Annette and I then met up with our eldest son and had a leisurely lunch (which was surprisingly good) at one of the 'strip' of restaurants that now comprise half of the rebuilt Finger Wharf at Woolloomooloo. We chatted on about this and that for a couple of hours until the sun no longer warmed our part of the world and drank some very nice wine to go with the very nice food (I can't remember when I last had a decent, unfussed with, piece of beef). It occurred to me over lunch that four of my five children have all taken up jobs in IT from the time they graduated and three of them worked part time in IT throughout their studies from late high school. As Annette had been her usual abstemious self we we able to drive home without incident.
While we were driving home I thought about today's graduates and what they wanted from their "20's". We recently had a spate of resignations (if three can be described as a spate) from the graduates we have employed in corporate sales trainee roles which has caused me to re-think that, to date, very successful process of building a corporate sales team. Each one of the resignations were because the people concerned wanted to 'take three months off' to go and do something more interesting than their current jobs. Their time with Exetel had varied - 25 months 20 months and 8 months but I found it difficult to understand why people would give up a career that they were beginning to do well at to "do something more interesting" for three months after barely starting their working life. Times have obviously changed considerably and I haven't been aware of these changes. It is something that we will need to much better understand and change in our recruiting processes.

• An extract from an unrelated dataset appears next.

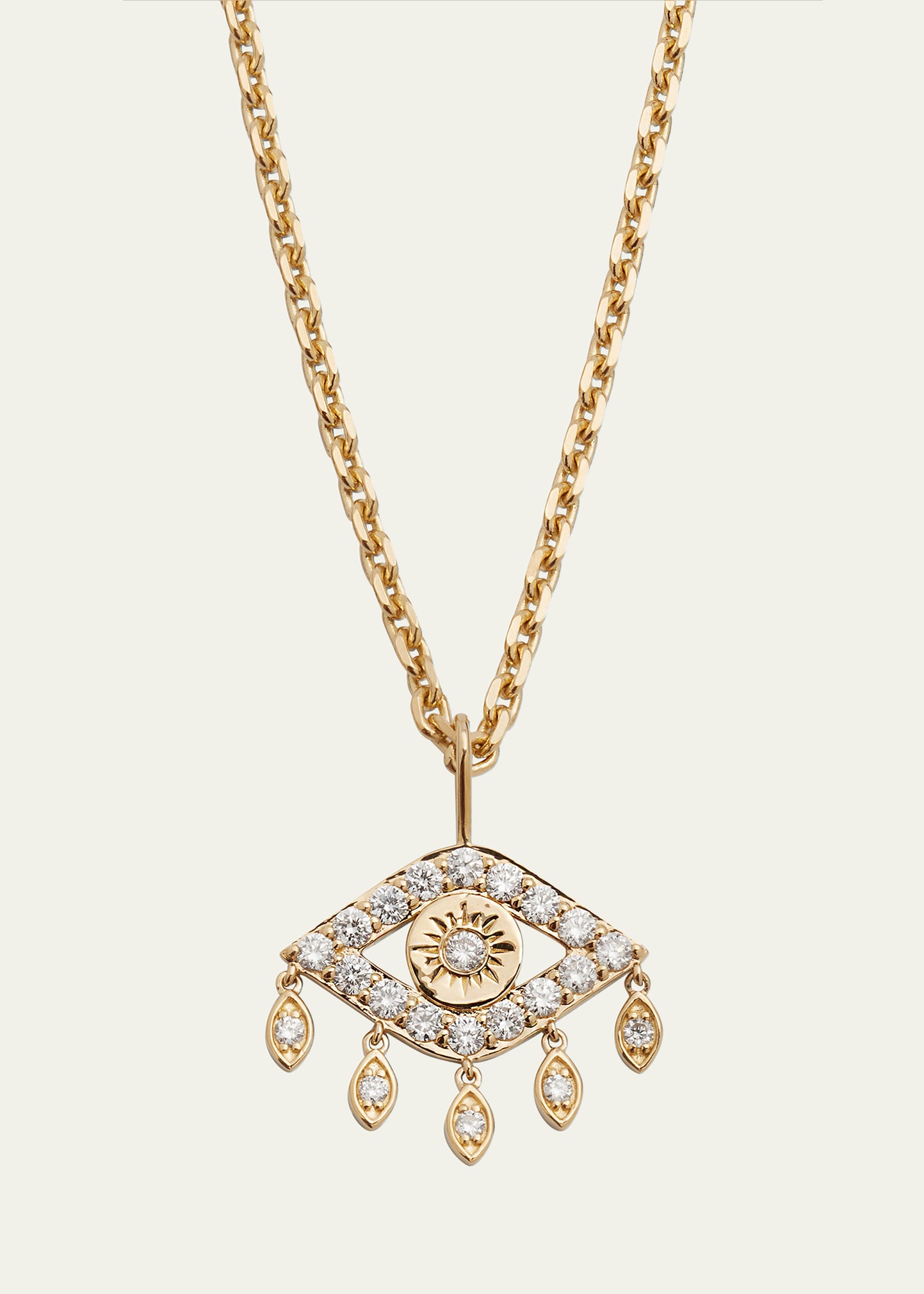 Sydney Evan 14k Gold Diamond Evil Eye Pendant Necklace In Yg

I would like to be able to say that when we got home that I did something useful but that would not be true. I dozed in front of the TV for a while before arousing to pretend I was interested in the news and then an old movie. It was only when we eventually went to bed that I realised that I had done no 'work' and for the vast majority of the day I hadn't thought about Exetel or the Australian comms markets. A very strange day in that respect and perhaps an indication of days to come.